Workplace by Facebook inherits all of the playfulness and connection opportunities that Facebook provides us with. It can help us build a bigger network of connections at work. But they aren’t all really ‘friends’, are they? Friends will occupy our ‘core’ network, not just exist in our periphery. We will interact with them more frequently and our interactions will be reciprocated. More than likely our ‘friends' will also be ‘friends’ with each other, so our core network will look like a tight central cluster of people (Figure 1). The tight interconnected core can define our friends at work; or our friends at work can define our core. 

Figure 1 - Core-Periphery Network

Figure 1 - Core-Periphery Network

It’s been a year now since we became a global Workplace by Facebook partner, having launched our SWOOP Analytics for Workplace by Facebook product. Perhaps it’s a good time to reflect on what we have learned and observed, as Workplace adopters look to leverage the consumer power of Facebook to connect and engage with their employees.
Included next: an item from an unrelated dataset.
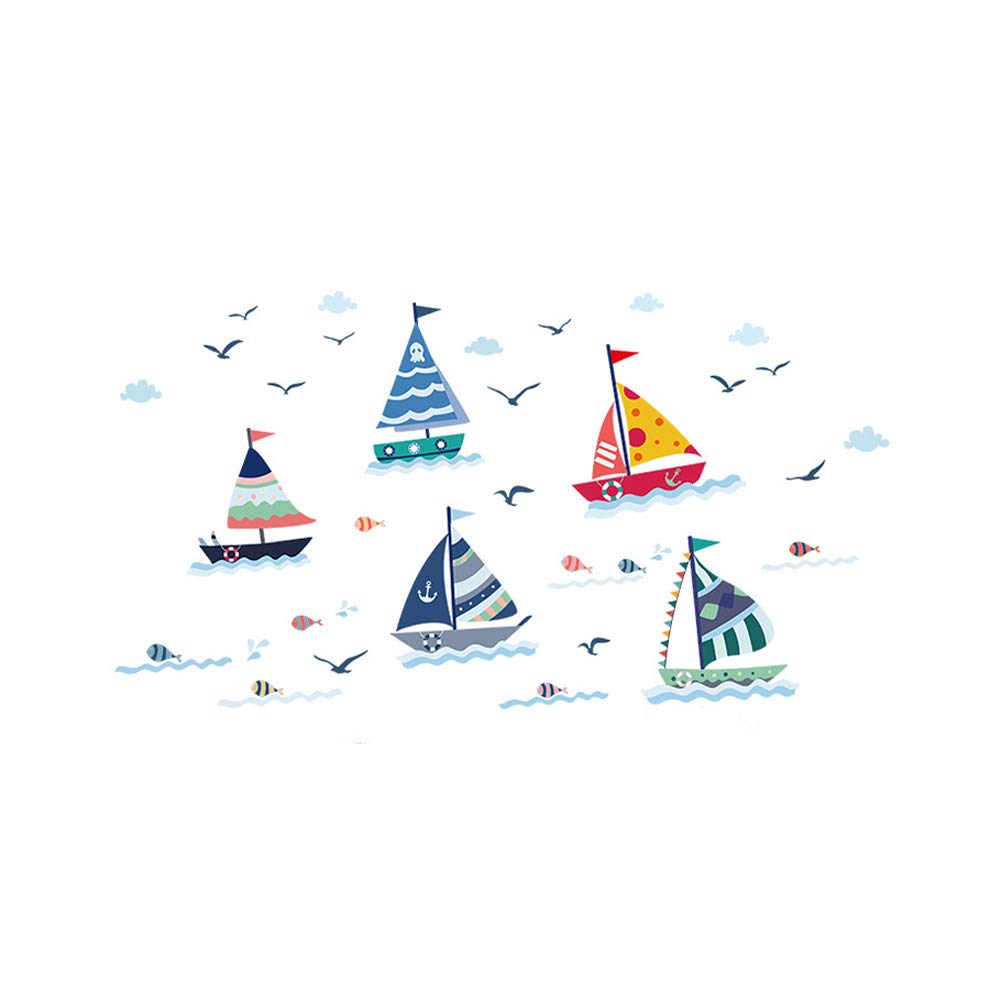 Lichi DIY Children sailing boats wall decal Sticker for Nursery Room Decor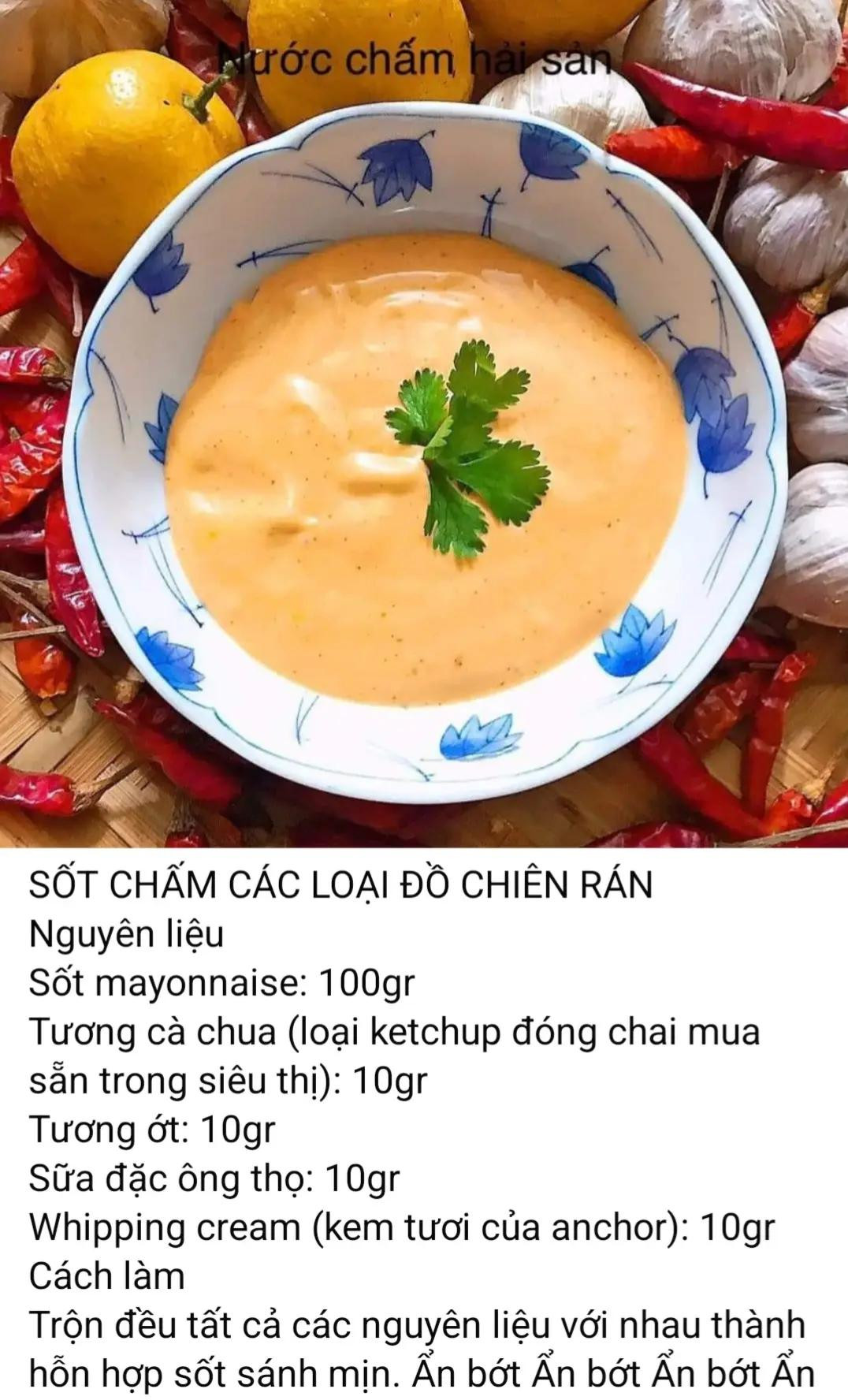 nước chấm muối ớt xanh, nước mắm chua ngọt, nước chấm mắm gừng, nước chấm thái lan, pha nước chấm nem rán, nước chấm mắm me, nước chấm cua ghẹ, sốt chấm các loại đồ chiên, nước chấm xì dầu, nước chấm mắm nêm, sốt sa tế.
Facebook recently exceeded the two billion monthly active users mark, or one in four people on the planet, or two in three of all people with Internet access. It is therefore likely that the proportion of employees having experienced Facebook personally would be significant. Workplace currently claims some 30,000 corporate clients, with a stated aim of having 100 million employees actively using Workplace in five years. With three billion people employed in the world, perhaps this might even be a little conservative!

Journey from Friends to Work Colleagues

Using the Workplace numbers, there should be at least a few million Workplace users that have now made this journey. I am one myself! I was an early Facebook adopter, with Facebook telling me I joined in June 2007. The news feed algorithms have evolved to become highly sensitive to any movement in my online network of friends. What they like, Facebook assumes I will like as well. The news they read is offered to me to read. The advertising they react to will also be offered to me. From a network scientist’s perspective, Facebook has done a mighty job of exploiting our social graphs. Facebook has been able to turn our friendship networks into a powerful online referral marketing engine, with most of us blissfully unaware. No longer just a social network, Facebook has become an e-business platform, with more than 65 million business pages and 450 million customers each month.  So as a user of Facebook, it’s not just reading friends’ posts and news links, but also a place to shop, or sell, for that matter. As a Facebook user, we are largely consuming content. It is not a place that conversations happen to any degree. A simple ‘like’ is by far the most common response, if any. Digital marketing counts success as eyeballs attracted. A slight hesitation while you scroll past some content will count as a ‘read’. In fact 87% of Facebook page posts go totally unanswered.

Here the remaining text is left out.